「杜氏の郷」売却へ 6期連続純赤字 上越市が方針 市議会に説明

 上越市は約1億5000万円を出資する第三セクター、よしかわ杜氏の郷(吉川区)を民間企業に売却する。

 24日開かれた市議会文教経済常任委員会の所管事務調査で明らかにした。

 「杜氏の郷」は経営基盤の脆弱(ぜいじゃく)さから、前期まで6期連続で純赤字が続き、今期も純損失が避けられない見通し。

 「杜氏の郷」は1999年、旧吉川町の第三セクターとして創業。しかし日本酒市場の規模縮小により売上高は減少傾向をたどり、前期まで6期連続で経常赤字、純赤字を計上。市の第三セクター評価委員会は昨年度「民営化の検討」を行うよう指摘していた。2022年3月期は中間期で売上高2400万円、純赤字は1200万円。
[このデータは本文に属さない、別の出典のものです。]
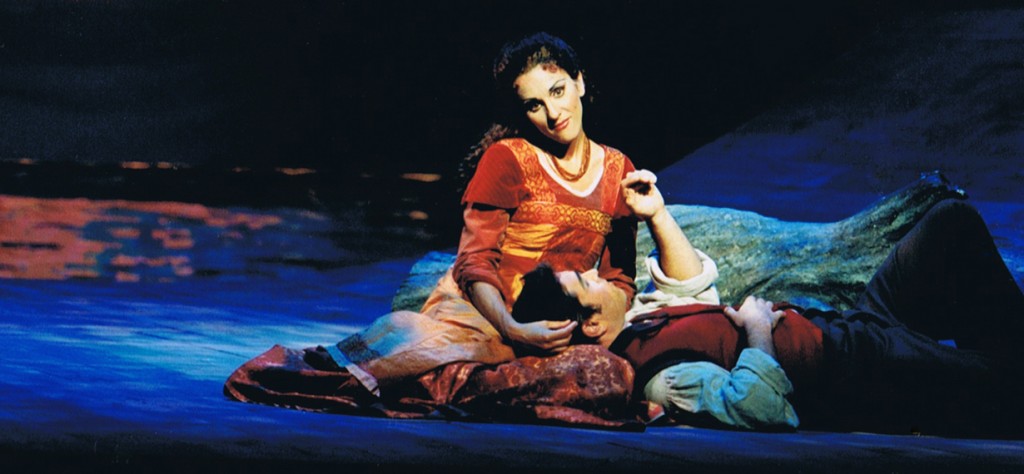 Marianne Bindig as Varvara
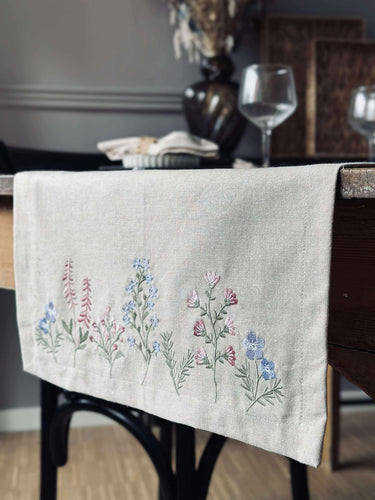 Bordslöpare blomsterbroderi - Linneutseende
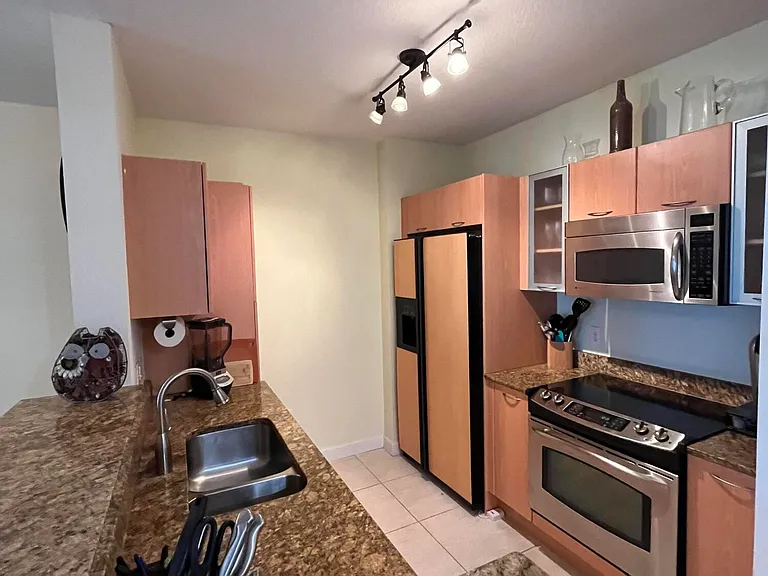 100 NE 6th St #206 — Photo 5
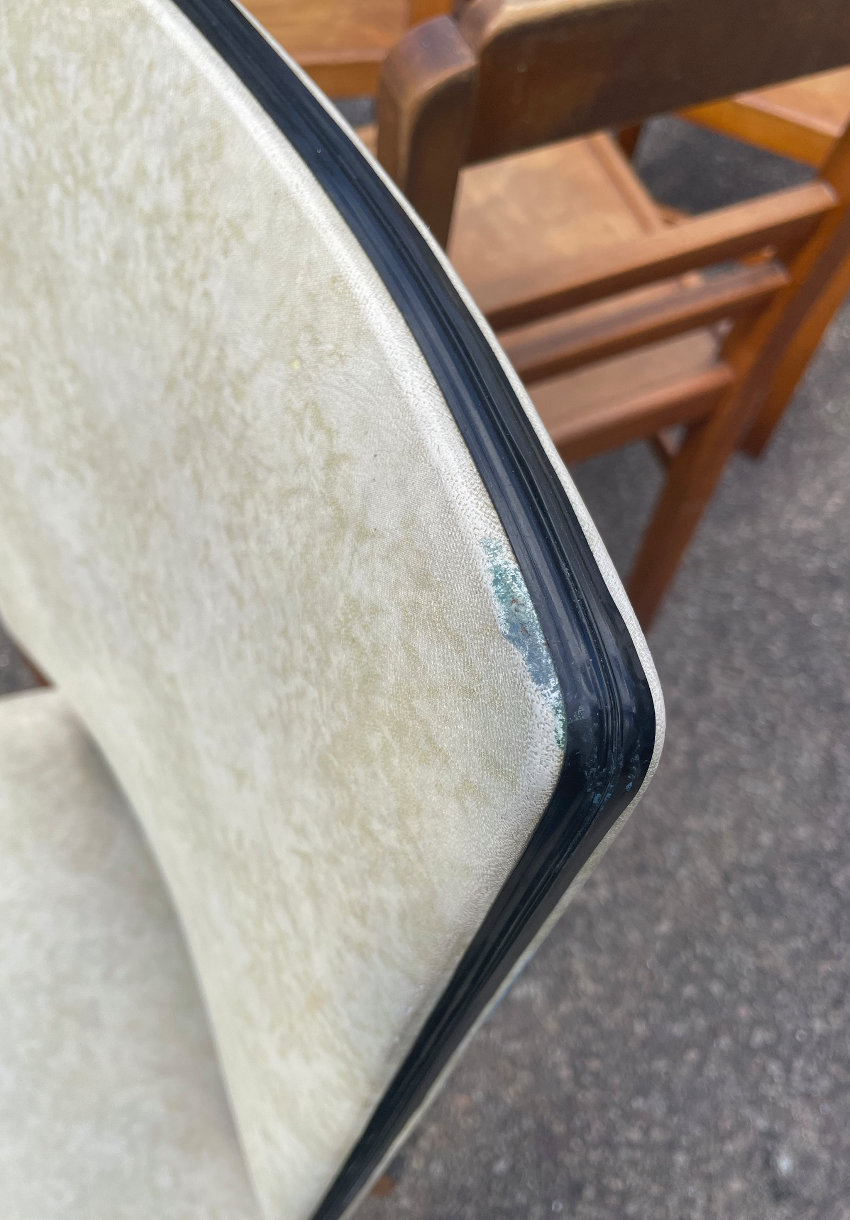 Set of 4 chairs 1950 skaï coating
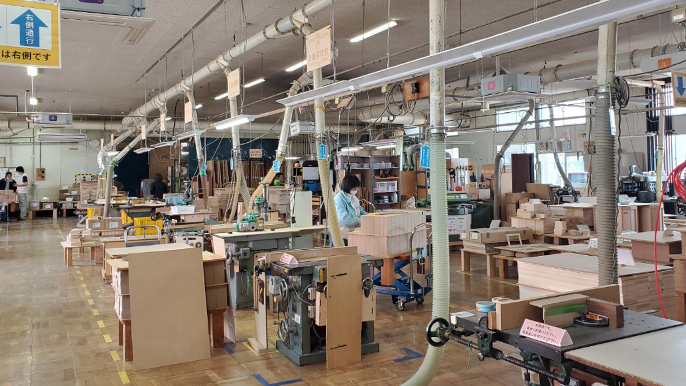 クラフテリオは国内に自社工場があります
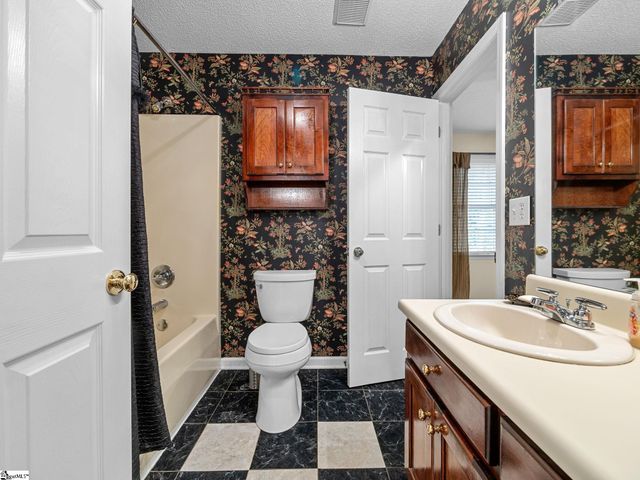 353 Round Ridge Road, Spartanburg, SC 29302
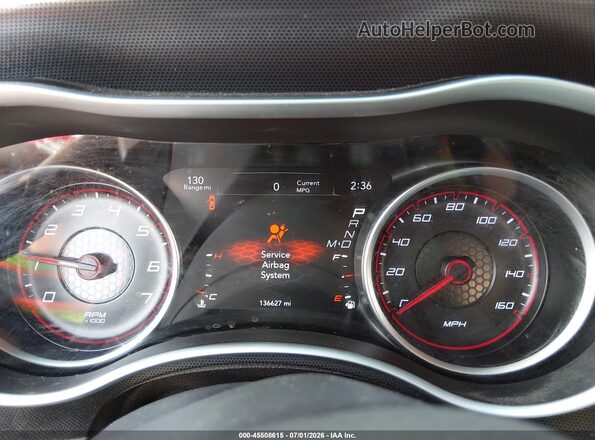 2C3CDXCTXJH209876 2018 DODGE CHARGER Red Vista de los asientos traseros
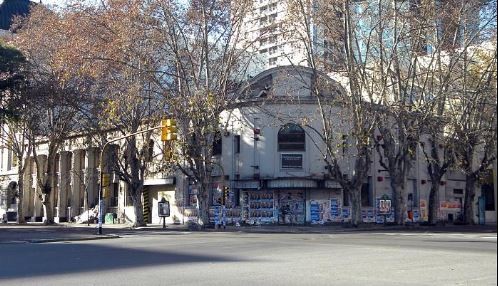“Arquitectura parasitaria”: proyectan 10 pisos de lujo en la exsede de la cristalería Rigolleau en San Telmo | Actualidad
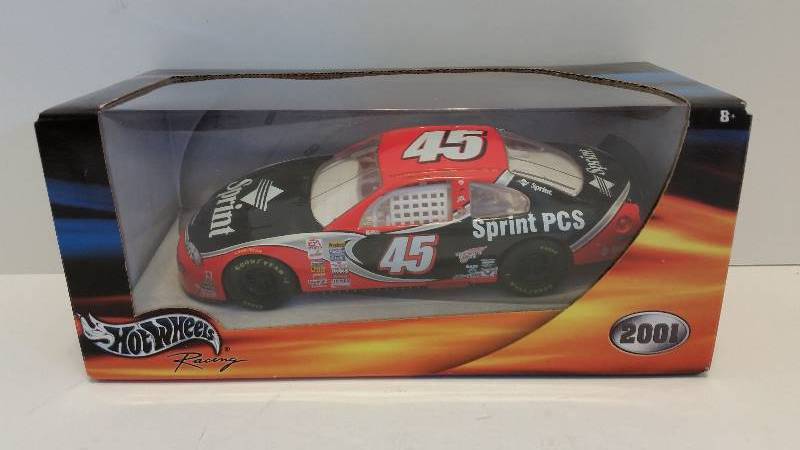 Hot Wheels Mattel Racing Deluxe NASCAR #45 Sprint Pcs Car 1 24 for sale online 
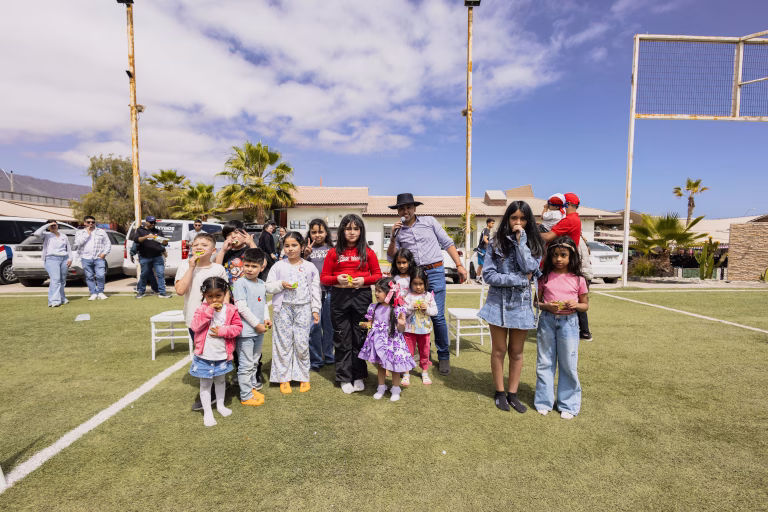 Yincana Niños - Foto grupal participantes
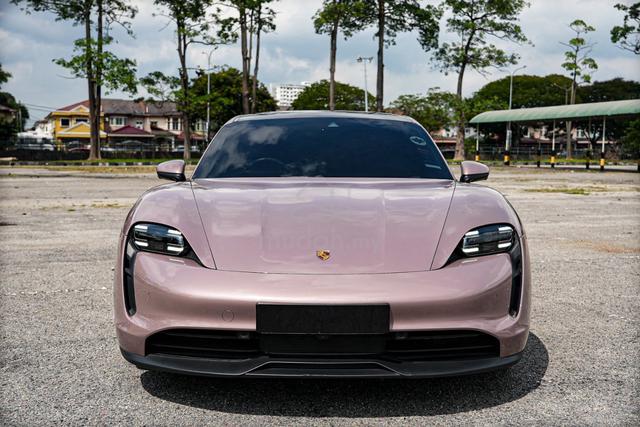 2023 Porsche TAYCAN (A) - 1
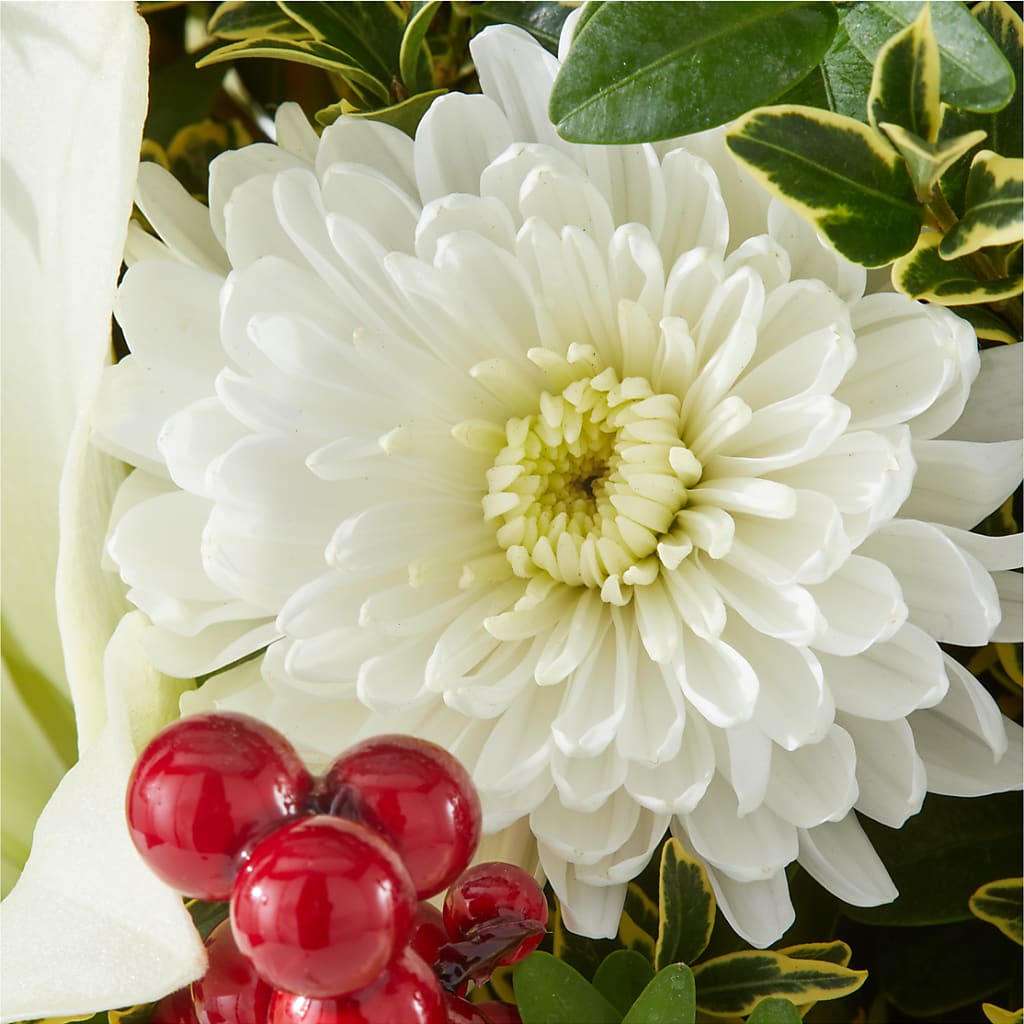 Festive Moments Tree – BUTTERFLIES & BOUQUETS, Peterstown WV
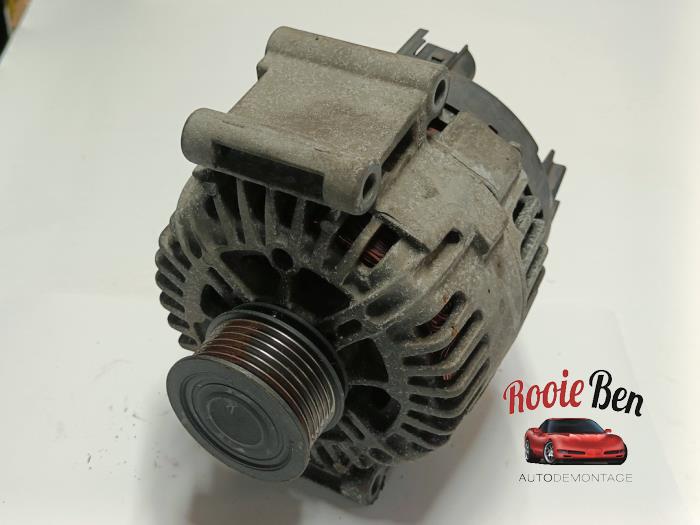 Usagé Dynamo Audi A4 Avant (B7) 2.0 20V Prix € 50,00 Règlement à la marge proposé par Rooie Ben autodemontage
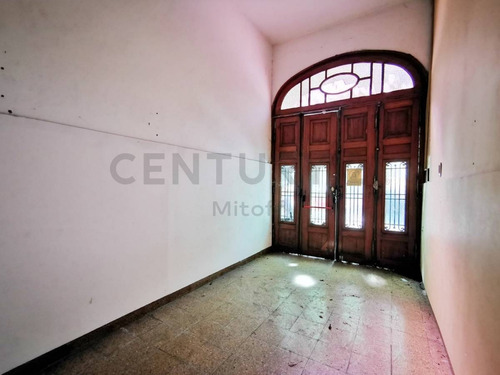 Imagen 3 de 23 de Casa En Venta En El Centro De La Plata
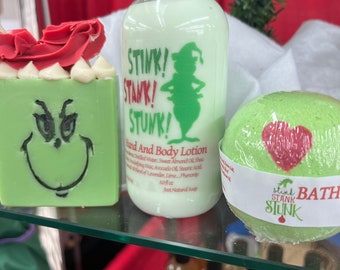 Coffret cadeau Grinch. Comprend un savon, une lotion et une bombe de bain.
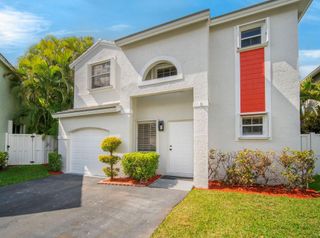 9870 NW 2nd Street, Plantation, FL 33324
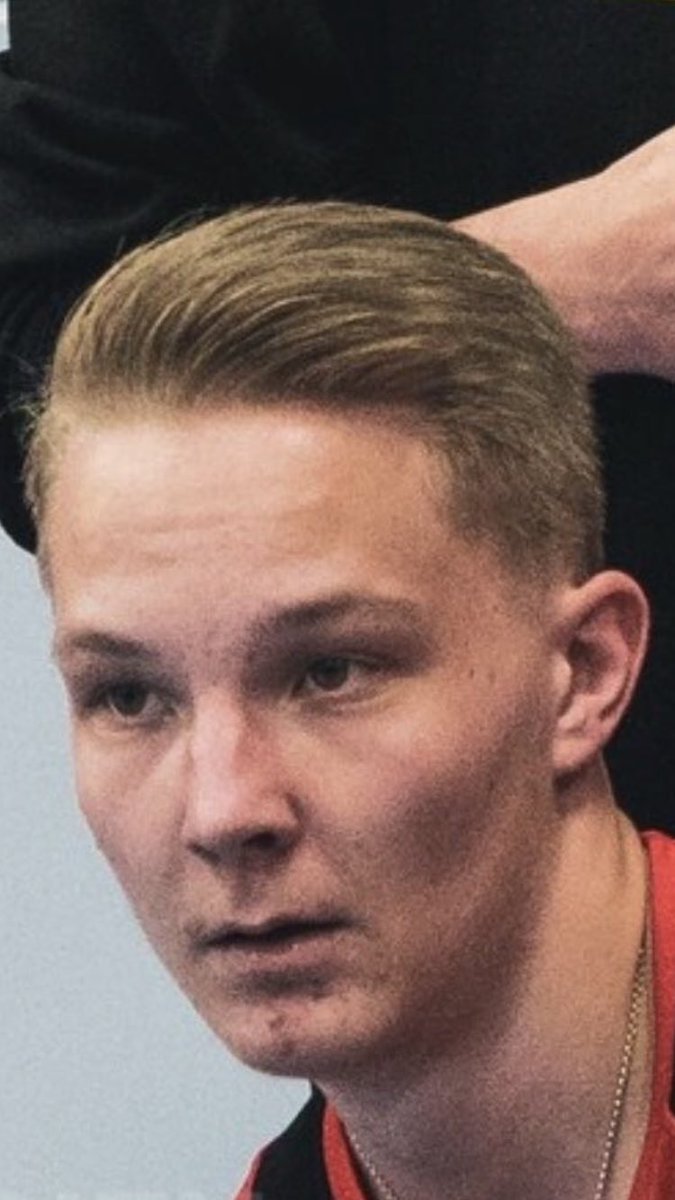 Meitsin ilme ku joutuu pellaa Helsingin fanipoikia vastaa tännää:D  Löytysköhä jostai hesa-suomi sanakirjaa että ymmärtäs Niemen hössötystä?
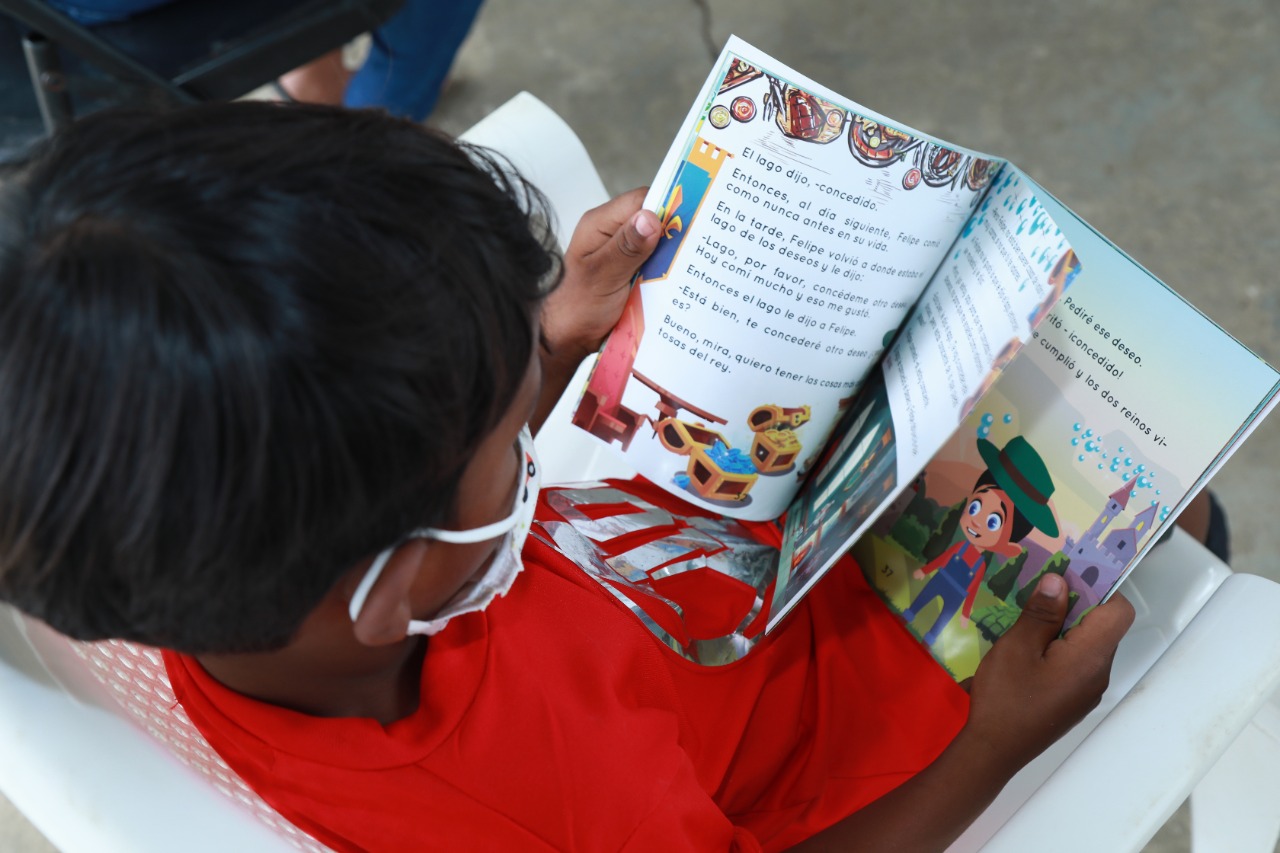 MiCultura PROMOVE FESTIVAL FROM INDIVIDUAL LITERATURA AND AZUL CULTURE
 市は譲渡に当たり、日本酒醸造文化と地域振興の方針継承、雇用の維持ができる地元企業を念頭に交渉を進める考え。来年6月に売却先の公募を開始し、10月には譲渡契約を締結したいとしている。

 小田基史産業観光交流部長は「最大の課題は民間の酒蔵より(経営体制が)脆弱だったことだ。雇用に最大限配慮しながら、吉川の酒造り文化を残しつつ、持続可能性のある企業に株式を譲渡したい」とした。